Nothing in the data may be changed; retype all of it.
▼▼▼
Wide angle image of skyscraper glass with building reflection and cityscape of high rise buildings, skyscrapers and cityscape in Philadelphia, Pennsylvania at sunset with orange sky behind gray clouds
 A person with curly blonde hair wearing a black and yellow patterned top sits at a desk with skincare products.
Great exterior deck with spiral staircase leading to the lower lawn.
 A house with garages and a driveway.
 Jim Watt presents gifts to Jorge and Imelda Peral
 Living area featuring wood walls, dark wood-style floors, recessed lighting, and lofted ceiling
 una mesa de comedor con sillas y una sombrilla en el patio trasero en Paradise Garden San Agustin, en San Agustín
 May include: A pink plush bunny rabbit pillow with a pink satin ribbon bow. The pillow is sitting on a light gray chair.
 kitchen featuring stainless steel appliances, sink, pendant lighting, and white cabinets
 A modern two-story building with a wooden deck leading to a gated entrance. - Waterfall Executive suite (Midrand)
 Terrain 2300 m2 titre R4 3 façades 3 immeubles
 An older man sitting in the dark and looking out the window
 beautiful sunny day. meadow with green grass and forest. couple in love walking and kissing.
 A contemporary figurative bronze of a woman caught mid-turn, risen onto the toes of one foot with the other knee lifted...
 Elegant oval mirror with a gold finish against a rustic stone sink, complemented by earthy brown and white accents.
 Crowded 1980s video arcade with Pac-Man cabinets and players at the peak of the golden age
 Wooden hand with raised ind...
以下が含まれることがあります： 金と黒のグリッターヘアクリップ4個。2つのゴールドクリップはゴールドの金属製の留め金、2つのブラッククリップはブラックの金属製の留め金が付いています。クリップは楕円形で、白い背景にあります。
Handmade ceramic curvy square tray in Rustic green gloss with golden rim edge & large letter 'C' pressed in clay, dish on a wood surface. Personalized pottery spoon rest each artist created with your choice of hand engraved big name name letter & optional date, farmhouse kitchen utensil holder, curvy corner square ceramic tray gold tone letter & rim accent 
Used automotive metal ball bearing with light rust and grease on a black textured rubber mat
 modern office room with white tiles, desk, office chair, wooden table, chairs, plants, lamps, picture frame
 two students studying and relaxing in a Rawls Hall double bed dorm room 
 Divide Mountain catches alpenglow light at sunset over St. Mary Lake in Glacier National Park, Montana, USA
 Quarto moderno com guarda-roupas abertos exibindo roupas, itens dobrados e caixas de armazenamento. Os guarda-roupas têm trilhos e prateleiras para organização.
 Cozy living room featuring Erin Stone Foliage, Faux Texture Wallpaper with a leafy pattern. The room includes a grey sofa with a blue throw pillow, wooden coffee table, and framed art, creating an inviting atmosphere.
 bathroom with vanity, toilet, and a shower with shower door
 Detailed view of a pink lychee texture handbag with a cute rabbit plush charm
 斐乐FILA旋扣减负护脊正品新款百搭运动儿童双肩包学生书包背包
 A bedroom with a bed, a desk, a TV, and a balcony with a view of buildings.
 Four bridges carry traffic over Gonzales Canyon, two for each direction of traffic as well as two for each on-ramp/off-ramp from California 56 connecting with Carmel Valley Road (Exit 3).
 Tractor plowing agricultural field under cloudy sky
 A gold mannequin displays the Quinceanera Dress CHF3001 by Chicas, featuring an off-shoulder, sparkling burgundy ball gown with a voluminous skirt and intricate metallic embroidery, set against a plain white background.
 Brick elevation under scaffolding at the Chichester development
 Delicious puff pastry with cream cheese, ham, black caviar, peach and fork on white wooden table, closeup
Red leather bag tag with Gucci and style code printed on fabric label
▲▲▲
Answer to the exercise:
Wide angle image of skyscraper glass with building reflection and cityscape of high rise buildings, skyscrapers and cityscape in Philadelphia, Pennsylvania at sunset with orange sky behind gray clouds
 A person with curly blonde hair wearing a black and yellow patterned top sits at a desk with skincare products.
Great exterior deck with spiral staircase leading to the lower lawn.
 A house with garages and a driveway.
 Jim Watt presents gifts to Jorge and Imelda Peral
 Living area featuring wood walls, dark wood-style floors, recessed lighting, and lofted ceiling
 una mesa de comedor con sillas y una sombrilla en el patio trasero en Paradise Garden San Agustin, en San Agustín
 May include: A pink plush bunny rabbit pillow with a pink satin ribbon bow. The pillow is sitting on a light gray chair.
 kitchen featuring stainless steel appliances, sink, pendant lighting, and white cabinets
 A modern two-story building with a wooden deck leading to a gated entrance. - Waterfall Executive suite (Midrand)
 Terrain 2300 m2 titre R4 3 façades 3 immeubles
 An older man sitting in the dark and looking out the window
 beautiful sunny day. meadow with green grass and forest. couple in love walking and kissing.
 A contemporary figurative bronze of a woman caught mid-turn, risen onto the toes of one foot with the other knee lifted...
 Elegant oval mirror with a gold finish against a rustic stone sink, complemented by earthy brown and white accents.
 Crowded 1980s video arcade with Pac-Man cabinets and players at the peak of the golden age
 Wooden hand with raised ind...
以下が含まれることがあります： 金と黒のグリッターヘアクリップ4個。2つのゴールドクリップはゴールドの金属製の留め金、2つのブラッククリップはブラックの金属製の留め金が付いています。クリップは楕円形で、白い背景にあります。
Handmade ceramic curvy square tray in Rustic green gloss with golden rim edge & large letter 'C' pressed in clay, dish on a wood surface. Personalized pottery spoon rest each artist created with your choice of hand engraved big name name letter & optional date, farmhouse kitchen utensil holder, curvy corner square ceramic tray gold tone letter & rim accent 
Used automotive metal ball bearing with light rust and grease on a black textured rubber mat
 modern office room with white tiles, desk, office chair, wooden table, chairs, plants, lamps, picture frame
 two students studying and relaxing in a Rawls Hall double bed dorm room 
 Divide Mountain catches alpenglow light at sunset over St. Mary Lake in Glacier National Park, Montana, USA
 Quarto moderno com guarda-roupas abertos exibindo roupas, itens dobrados e caixas de armazenamento. Os guarda-roupas têm trilhos e prateleiras para organização.
 Cozy living room featuring Erin Stone Foliage, Faux Texture Wallpaper with a leafy pattern. The room includes a grey sofa with a blue throw pillow, wooden coffee table, and framed art, creating an inviting atmosphere.
 bathroom with vanity, toilet, and a shower with shower door
 Detailed view of a pink lychee texture handbag with a cute rabbit plush charm
 斐乐FILA旋扣减负护脊正品新款百搭运动儿童双肩包学生书包背包
 A bedroom with a bed, a desk, a TV, and a balcony with a view of buildings.
 Four bridges carry traffic over Gonzales Canyon, two for each direction of traffic as well as two for each on-ramp/off-ramp from California 56 connecting with Carmel Valley Road (Exit 3).
 Tractor plowing agricultural field under cloudy sky
 A gold mannequin displays the Quinceanera Dress CHF3001 by Chicas, featuring an off-shoulder, sparkling burgundy ball gown with a voluminous skirt and intricate metallic embroidery, set against a plain white background.
 Brick elevation under scaffolding at the Chichester development
 Delicious puff pastry with cream cheese, ham, black caviar, peach and fork on white wooden table, closeup
Red leather bag tag with Gucci and style code printed on fabric label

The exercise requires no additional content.